*** Opening Available data ***

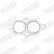 Gasket, exhaust pipe, Thumbnail 10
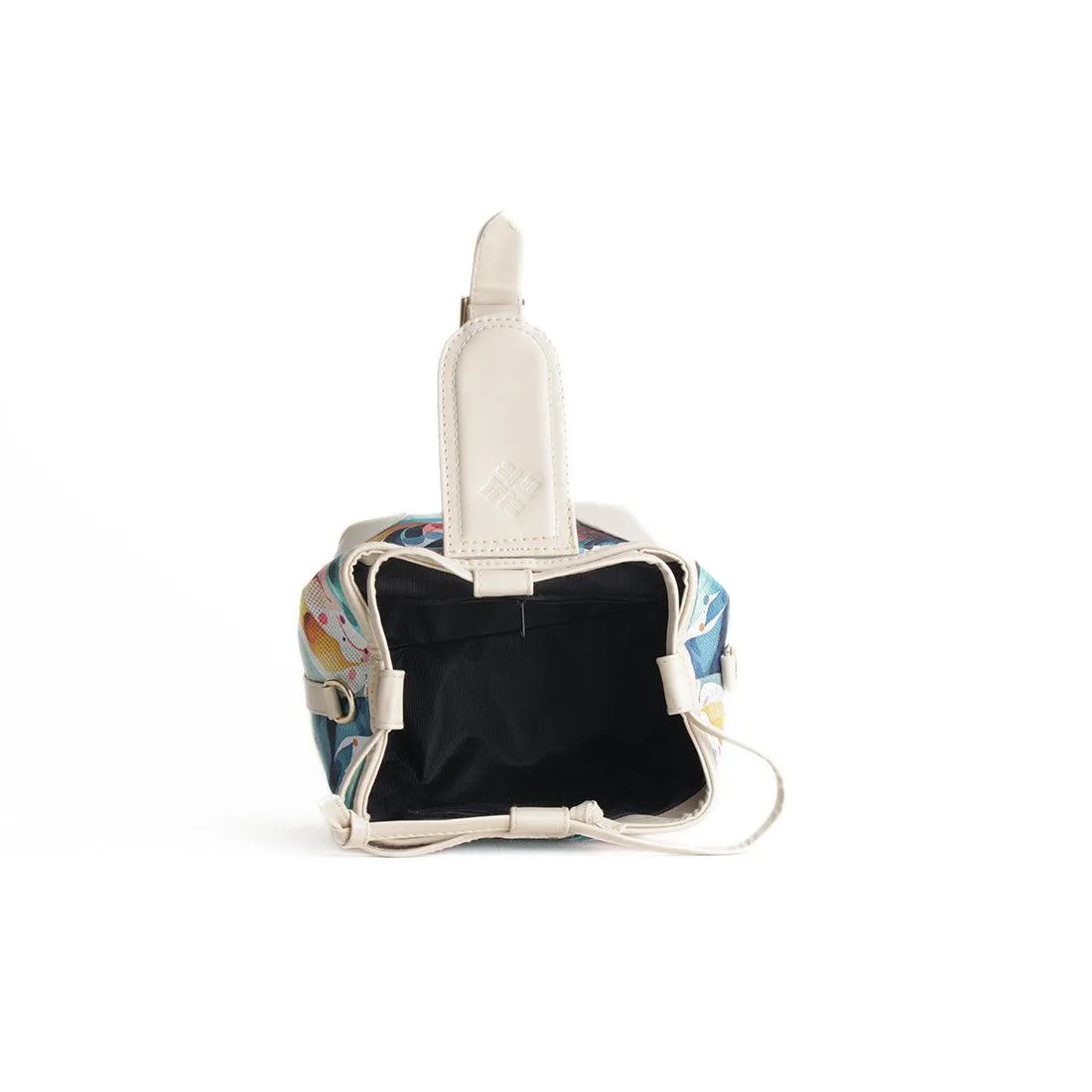 Rose Bucket Bags Mussels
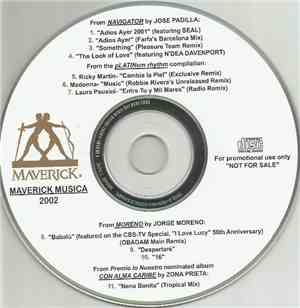 Various - Maverick Musica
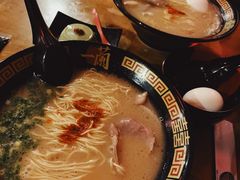 -天然豚骨拉面专门店 一兰(铜锣湾店)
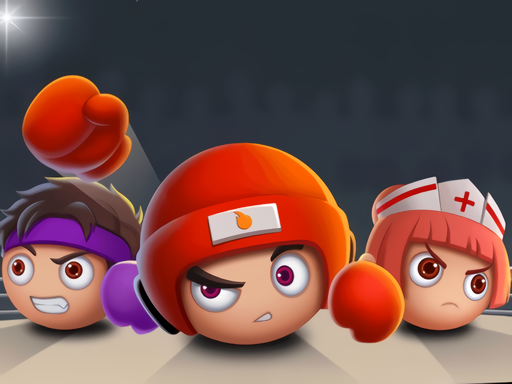 Vaizdas Boxer.io – įdomūs io vaizdo žaidimai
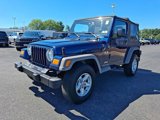 Used 2005 Jeep Wrangler X w/ Tire & Wheel Group (Ecco) image 3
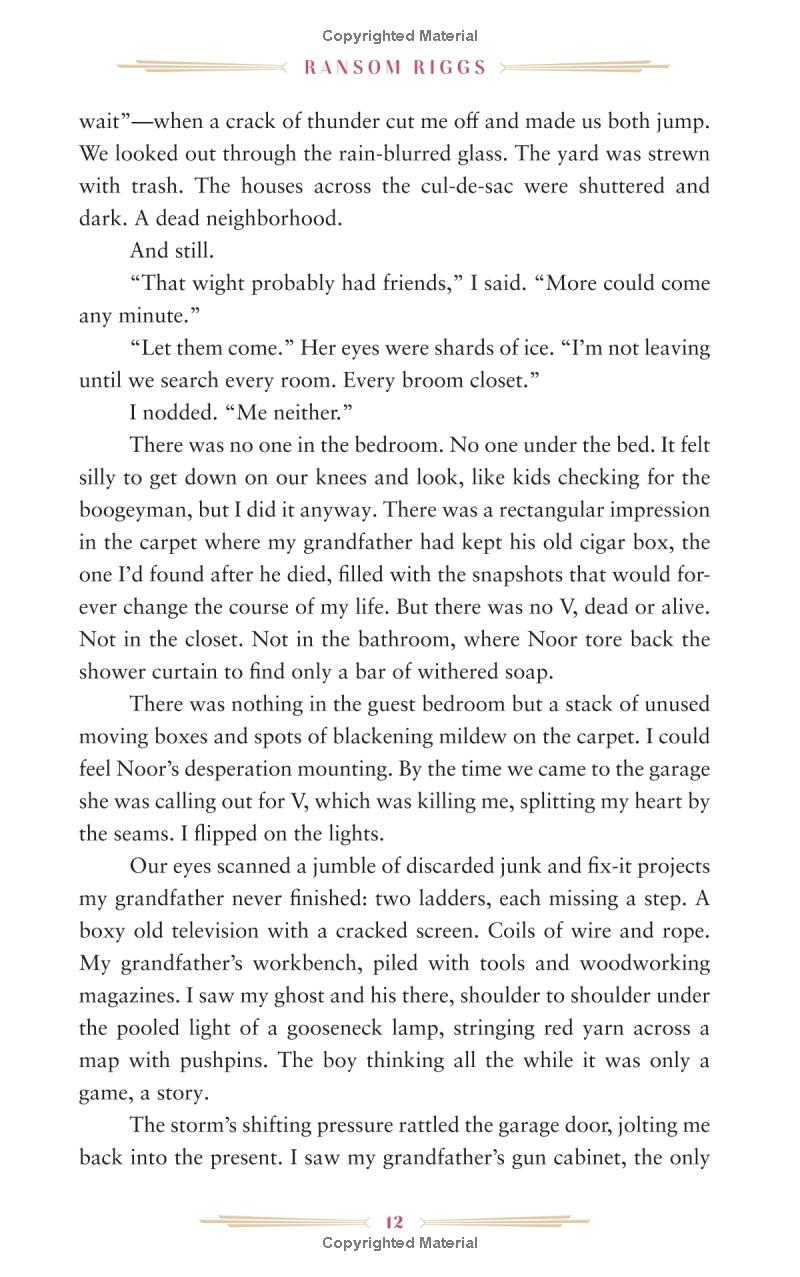 the desolations of devil's acre - Ảnh 14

*** Closing Available data ***

Task instructions
Each line from the one with "-天然豚骨拉面专门店 一兰(铜锣湾店)" through the final line of the records must be copied exactly, with no pictures and no additional lines.

Output for this exercise
 -天然豚骨拉面专门店 一兰(铜锣湾店)
 Vaizdas Boxer.io – įdomūs io vaizdo žaidimai
 Used 2005 Jeep Wrangler X w/ Tire & Wheel Group (Ecco) image 3
 the desolations of devil's acre - Ảnh 14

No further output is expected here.